Room lights? Plants sure die  :Sad:

----------


## wllm33

i also think so, even though i am putting in money plants.
but got so many tanks, but not many lights.
think only way is to change water.
thnks

----------


## zyblack

Since low-tech means no CO2 injection, the best option for you is to use plants that have direct contact with air since there will be a lot more CO2 in the air than in the water. Floating plants or plants that have leaves outside of the water will do fine. The only thing you can adjust to increase the nitrate uptake rate is to increase your lighting periods and intensity. Ambient or room light may allow the plants to survive but will not thrive nor increase nitrate uptake rate.

----------


## freshfish

> Just get those cheap cheap stem plants. You tank will become a jungle within 2 weeks.
> 
> Will be doing that to cycle my new tank.


like what ? can name a few ? pictures ? :Very Happy:

----------


## ghim

I am using the ones at the background. With needle like leaves.

And bought a few packs of plants from seaview - those packed and cost 80cts each  :Grin: 

Found the name for the plant. Rotala wallichii.

----------


## exotic_idiot

> Rotala wallichii


Won't they drop leaves? Will be messy if they do... That's why i hated stem plants.. Not enough lights they drop leaves and the whole tank will have lots of floating dead leaves... :Smile:

----------


## freshfish

hey guys do you all use a chiller for the planted tanks ?

i went to a shop and the guy told me that if the water too warm , the plants will produce ammonia or nitrates ? is it true ??!?!

----------


## wks

Hi Freshfish, the real reson is that he wants to sell the chiller to you. The plants produce ammonia etc are all nonsense.

----------


## properfool

i think very hard for anything to grow under 4hrs of pl light/day. Anything that takes up nitrate well generally grows pretty fast. Grows fast often need energy which will need light.

The low tech tank approach by D walstad advocates floating plants.

minimum Photoperiod for effective photosynthesis in plants is a minimum 5-6 hrs. less than that you won't get much results

----------


## ghim

> Won't they drop leaves? Will be messy if they do... That's why i hated stem plants.. Not enough lights they drop leaves and the whole tank will have lots of floating dead leaves...


I dont experience dropping of leaves for this plant. There are quite a few that does. I like stem plants, so no choice. Every few days use tweezers and pick them up. 




> hey guys do you all use a chiller for the planted tanks ?
> 
> i went to a shop and the guy told me that if the water too warm , the plants will produce ammonia or nitrates ? is it true ??!?!
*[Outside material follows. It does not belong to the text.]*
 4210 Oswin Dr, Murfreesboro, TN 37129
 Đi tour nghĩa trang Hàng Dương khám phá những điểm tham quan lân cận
Which means the plant died and rotted? 26-29 C will be good enough. Which can be achieved by usage of fan.


Finally found the name of the easiest stem plant I grew - Water Wisteria.

----------


## exotic_idiot

Think i really have to adjust my lightings to 5hrs a day? Hopes it helps...

----------


## wllm33

my lights are 8 hours daily, but i think it depends also on the intensity and the other conditions.
i am having algae on the glass now, which i thought would not be with just 8 hours.
but i am doing gujing and downoi, both are really a handful and dead worried they will melt on me again.

----------